During the early part of the Cretaceous, 146-65 million years ago, however, plant life made an astonishing leap: Flowering plants evolved, and with them came a tremendous change. The flowers provided a new source of food for pollinators, most of which were insects, and attracting those insects led flowering plants into a competitive arena where color, shape and pattern mattered.

This period saw the spread of color, and the diversification of the plant world. Gone were the great swathes of unbroken green, homogeneous forest; newly evolving flowering plants splashed the landscape with color.

Pollen-rich flowers evolved in parallel with the insects that pollinated them. The pollen itself, which the plants needed to be carried away to other flowers, served as a food for the insects, but that involved the potential loss of the very product the plants needed transferred.

The next stage of development ushered in a new relationship between plants and insects: Flowering plants provided an energy drink of nectar to insects, which in turn carried away the plants’ pollen.

As specialist flowering plants evolved, insects evolved to specialize in feeding from them. The colorful day-flying butterflies and the more cryptic nocturnal moths are their familiar descendants.

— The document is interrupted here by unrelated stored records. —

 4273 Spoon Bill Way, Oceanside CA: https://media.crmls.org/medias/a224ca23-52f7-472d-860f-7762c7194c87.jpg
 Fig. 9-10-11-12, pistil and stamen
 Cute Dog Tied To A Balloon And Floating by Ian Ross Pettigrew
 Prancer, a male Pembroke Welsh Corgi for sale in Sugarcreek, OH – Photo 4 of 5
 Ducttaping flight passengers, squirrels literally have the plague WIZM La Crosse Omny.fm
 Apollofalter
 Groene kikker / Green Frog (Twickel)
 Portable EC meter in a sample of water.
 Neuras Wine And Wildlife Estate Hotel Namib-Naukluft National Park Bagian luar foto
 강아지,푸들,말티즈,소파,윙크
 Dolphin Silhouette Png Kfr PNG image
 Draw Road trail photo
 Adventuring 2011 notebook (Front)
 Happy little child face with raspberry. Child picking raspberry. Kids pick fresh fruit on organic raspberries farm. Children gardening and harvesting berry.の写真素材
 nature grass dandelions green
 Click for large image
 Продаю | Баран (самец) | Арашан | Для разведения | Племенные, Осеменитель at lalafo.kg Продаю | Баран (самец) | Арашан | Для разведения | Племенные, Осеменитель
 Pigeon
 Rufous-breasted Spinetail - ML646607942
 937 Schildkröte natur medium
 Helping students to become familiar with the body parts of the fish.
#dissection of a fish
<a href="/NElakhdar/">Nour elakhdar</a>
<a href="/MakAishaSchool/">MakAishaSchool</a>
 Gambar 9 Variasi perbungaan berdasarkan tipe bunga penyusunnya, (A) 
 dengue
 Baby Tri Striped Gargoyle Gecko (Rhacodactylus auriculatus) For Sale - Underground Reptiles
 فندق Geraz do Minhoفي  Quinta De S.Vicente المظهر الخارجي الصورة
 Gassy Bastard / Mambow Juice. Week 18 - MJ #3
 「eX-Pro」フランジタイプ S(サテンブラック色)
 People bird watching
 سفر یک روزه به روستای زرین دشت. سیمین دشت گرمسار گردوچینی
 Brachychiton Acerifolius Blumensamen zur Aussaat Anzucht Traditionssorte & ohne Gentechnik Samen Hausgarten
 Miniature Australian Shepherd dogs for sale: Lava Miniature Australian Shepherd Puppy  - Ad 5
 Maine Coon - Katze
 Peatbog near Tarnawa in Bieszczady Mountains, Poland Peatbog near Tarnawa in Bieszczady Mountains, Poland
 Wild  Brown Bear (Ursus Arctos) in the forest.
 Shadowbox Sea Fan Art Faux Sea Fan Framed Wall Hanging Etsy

Moths, like the hawk moths shown here, have cranked their flying abilities to the maximum, and can feed without landing by hovering in front of a flower. Their wings blur with speed as they uncoil a proboscis supremely adapted for in-flight refueling. They pump fuel on board in flight much as fighter aircraft do from airborne fuel carriers.

Some of these moths are, like the butterflies, day-flying. Their large size and wing-blurring speed have earned them the name hummingbird hawk moths because they resemble those other nectar feeders of the Americas. The hummingbirds were only able to evolve their high-energy lifestyles because of the pre-existing fuel supply.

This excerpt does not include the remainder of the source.